Even if the redo log format is not changed, it would seem safest to try to refuse startup with an older server version. We can do this by introducing a new redo log format identifier, similar to what was done in MDEV-11782.
While we could theoretically retain support for crash recovery from old-format redo log, it is probably best to not try that. (The GA version of MySQL 5.7 or MariaDB 10.2 will refuse crash recovery from older server versions, and MySQL 8.0.0 will refuse crash recovery from MySQL 5.7 or older versions. It is acceptable that MariaDB 10.3 would not support crash recovery from 10.2.)
Changes to DML operations
If instant ADD COLUMN has not been used, the file format will not be changed. This means that any table-rebuilding ALTER operation (such as ALTER TABLE…FORCE or ALTER TABLE…ALGORITHM=COPY) will convert the table to the old format.
If instant ADD COLUMN has been used, any INSERT or UPDATE to the clustered index leaf page must store the current number of columns in the record. (For ROW_FORMAT=COMPACT or ROW_FORMAT=DYNAMIC we must also set REC_INFO_ADDED_FLAG to signal the presence of the n_fields in the record header.)
The REC_INFO_DELETED_FLAG of a record can be set or unset without changing other parts of the record. Usually this is done by a DELETE or an UPDATE of a PRIMARY KEY column, or the ROLLBACK of those operations.
On SELECT (also as part of UPDATE), if the clustered index leaf page record is found to contain fewer index fields than the current table definition implies, the missing fields will be filled in from SYS_COLUMNS_ADDED.DEFAULT_VALUE.
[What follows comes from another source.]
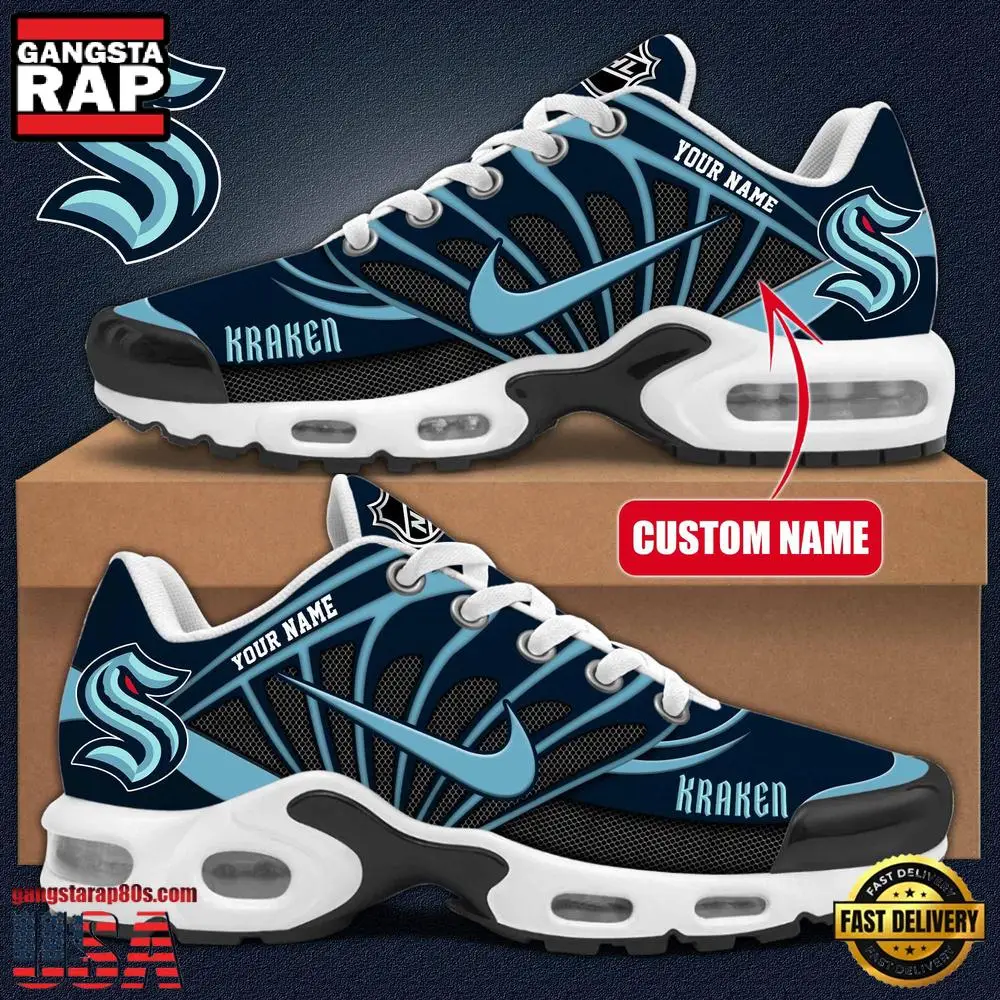 NHL Custom Name Seattle Kraken New Design Air Max Plus Shoes Running Sneakers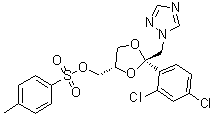 (2R,4R)-2-(2,4-Dichlorophenyl)-2-(1H-1,2,4-triazol-1-ylmethyl)-1,3-Dioxolane-4-methanol 4-(4-methylbenzenesulfonate) molecular structure (CAS 154003-23-3)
The original InnoDB ROW_FORMAT=REDUNDANT should support Postgres-style instant operations out of the box, because the record header explicitly stores the number of fields as well as the start address of each field. The Postgres-style operations are ADD COLUMN…LAST and DROP COLUMN (the latter is implemented by hiding columns and storing dummy columns for new records).
A simple proof of concept exists in MariaDB 10.2 and upstream MySQL 5.7: The column MERGE_THRESHOLD was appended to the InnoDB data dictionary table SYS_INDEXES without rewriting existing records. Old data dictionary entries will deliver a default value.
While ROW_FORMAT=REDUNDANT introduces some storage overhead, it should also provide faster access, because the start address of each field is explicitly stored in the index record header. No changes to applications are needed if innodb_default_row_format=redundant is set in the configuration files.
Also in this task, ALTER TABLE will not be instantaneous if it includes any data-writing operations, such as ADD [UNIQUE] INDEX. DROP COLUMN may imply DROP INDEX, but that is reasonably fast (not traversing the entire index tree).
In a later MariaDB version, we could support a wider range of instant ALTER TABLE operations by repurposing some bits or bytes in the clustered index leaf page record header for representing a data dictionary version, by keeping all versions of the table definition in the data dictionary, and by converting old-format records to the current format. Note that some operations will need to write to data files and cannot be instantaneous. Such operations may also fail. Examples include introducing a NOT NULL attribute, changing the data type of a column, or ADD UNIQUE INDEX.